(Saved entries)
Start of Block

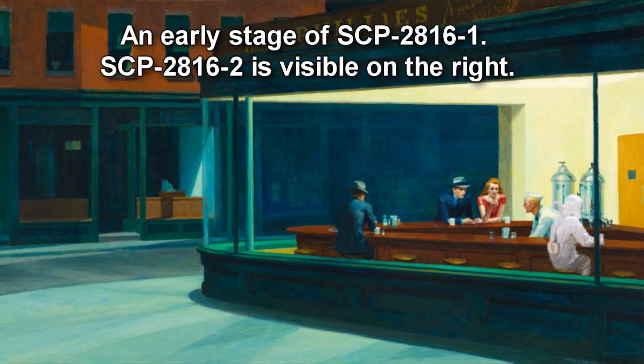SCP-2816. Item Number SCP-2816. Object Class: Safe. Special Containment Procedures: SCP-2816 is currently located in a storage locker in Site-12. Instances of SCP-2816-1 are to be recovered and placed in Site-12 Storage Room 5C in front of a CCTV camera.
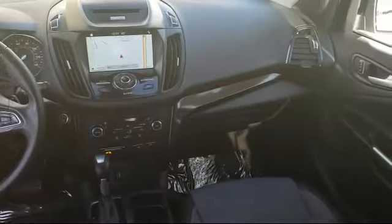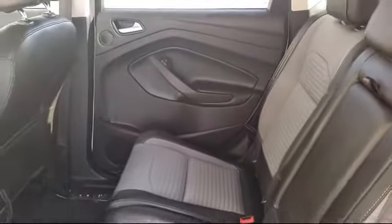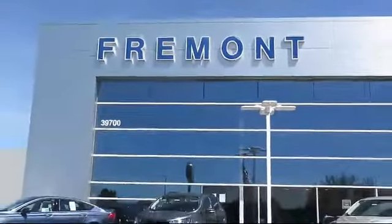Our finance department specializes in getting our customers the deal that fits their needs. So come see us today and see why so many happy customers choose Fremont Ford as their destination for purchasing a vehicle. We're located at 39700 Ballantyne Drive in Newark.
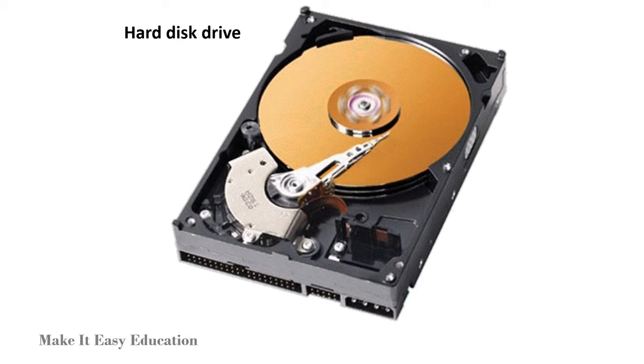Magnets are present in computers. Magnets present on a hard disk help to store data.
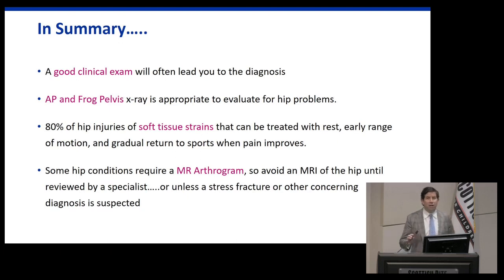In summary: a good clinical exam is really important and often leads to the diagnosis. An AP frog X-ray is the appropriate first imaging for hip pain. About 80% of injuries are soft tissue, but don't forget conditions specific to adolescents. If you want an MRI, an MR arthrogram is the way to go — unless you have access to a 3T MRI, which can avoid the contrast injection altogether.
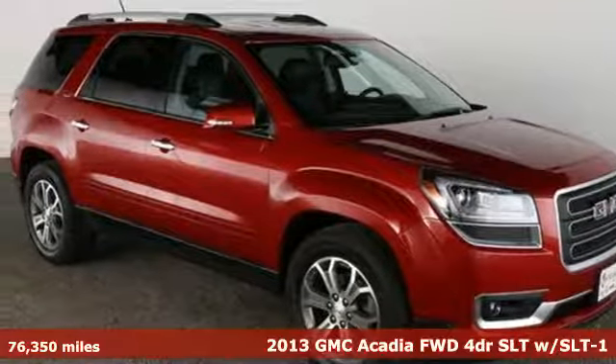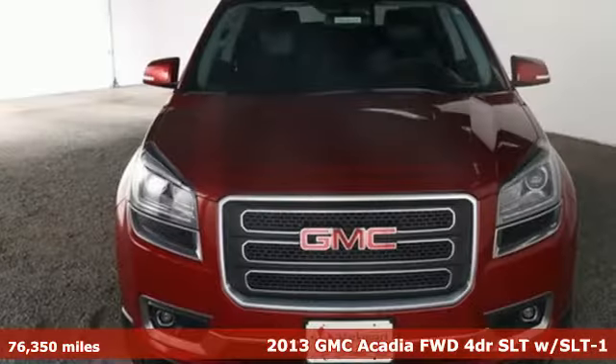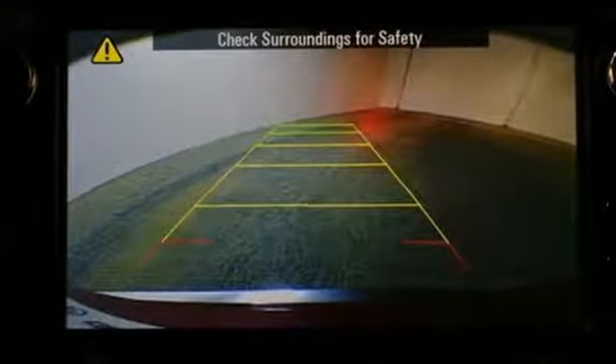It's a 2013 GMC Acadia. Its design makes a bold statement with sculpted features, an athletic stance, and distinctive grille. The smart interior design and thoughtful touches help set this Acadia apart.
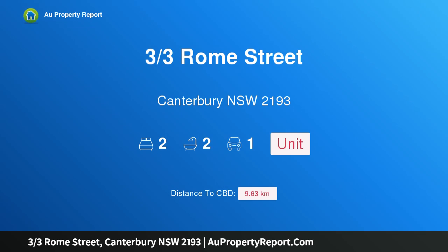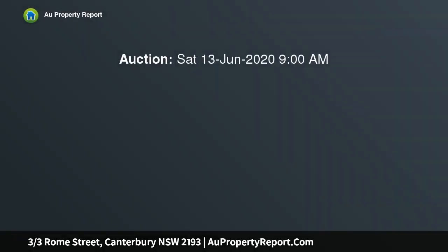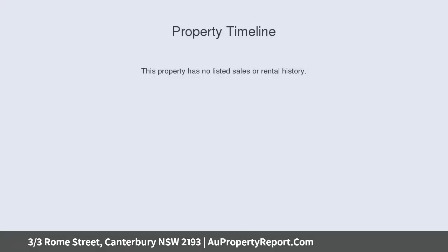Introducing property 3/3 Rome Street, Canterbury, New South Wales 2193 — a contemporary townhouse-style garden apartment. Configured to embrace a northeast aspect, this six-year-old townhouse-style garden apartment enjoys private street front access and no common walls.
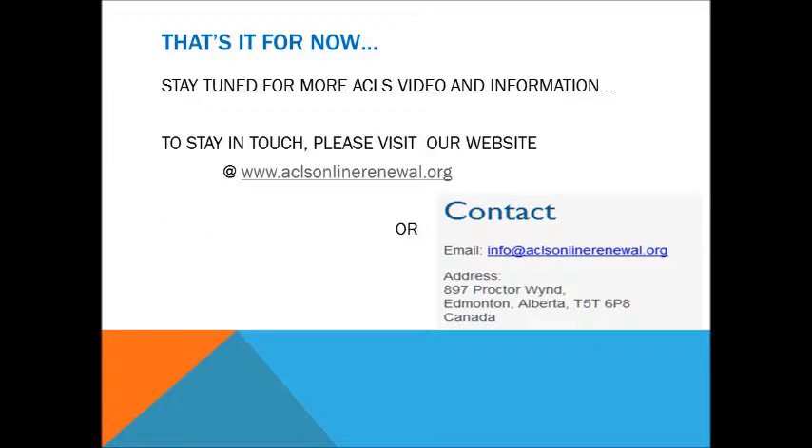Stay tuned for more from our Advanced Cardiac Life Support Online Renewal Team.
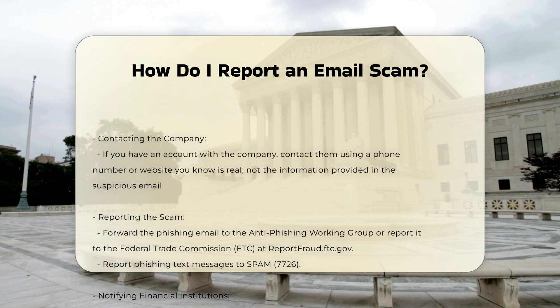Steps to report a phishing scam. If you suspect an email is a phishing scam, here are the steps to take. One: do not click on links or open attachments. Avoid interacting with the email to prevent downloading malware or revealing sensitive information.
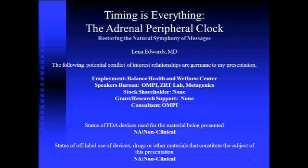My name is Dr. Lina Edwards, and I practice in Lexington, Kentucky. Balance Health and Wellness Center is my practice.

End of Block

Work item: Could you restate all of the data above word for word and skip every picture?

Your solution:
SCP-2816. Item Number SCP-2816. Object Class: Safe. Special Containment Procedures: SCP-2816 is currently located in a storage locker in Site-12. Instances of SCP-2816-1 are to be recovered and placed in Site-12 Storage Room 5C in front of a CCTV camera.
Our finance department specializes in getting our customers the deal that fits their needs. So come see us today and see why so many happy customers choose Fremont Ford as their destination for purchasing a vehicle. We're located at 39700 Ballantyne Drive in Newark.
Magnets are present in computers. Magnets present on a hard disk help to store data.
In summary: a good clinical exam is really important and often leads to the diagnosis. An AP frog X-ray is the appropriate first imaging for hip pain. About 80% of injuries are soft tissue, but don't forget conditions specific to adolescents. If you want an MRI, an MR arthrogram is the way to go — unless you have access to a 3T MRI, which can avoid the contrast injection altogether.
It's a 2013 GMC Acadia. Its design makes a bold statement with sculpted features, an athletic stance, and distinctive grille. The smart interior design and thoughtful touches help set this Acadia apart.
Introducing property 3/3 Rome Street, Canterbury, New South Wales 2193 — a contemporary townhouse-style garden apartment. Configured to embrace a northeast aspect, this six-year-old townhouse-style garden apartment enjoys private street front access and no common walls.
Stay tuned for more from our Advanced Cardiac Life Support Online Renewal Team.
Steps to report a phishing scam. If you suspect an email is a phishing scam, here are the steps to take. One: do not click on links or open attachments. Avoid interacting with the email to prevent downloading malware or revealing sensitive information.
My name is Dr. Lina Edwards, and I practice in Lexington, Kentucky. Balance Health and Wellness Center is my practice.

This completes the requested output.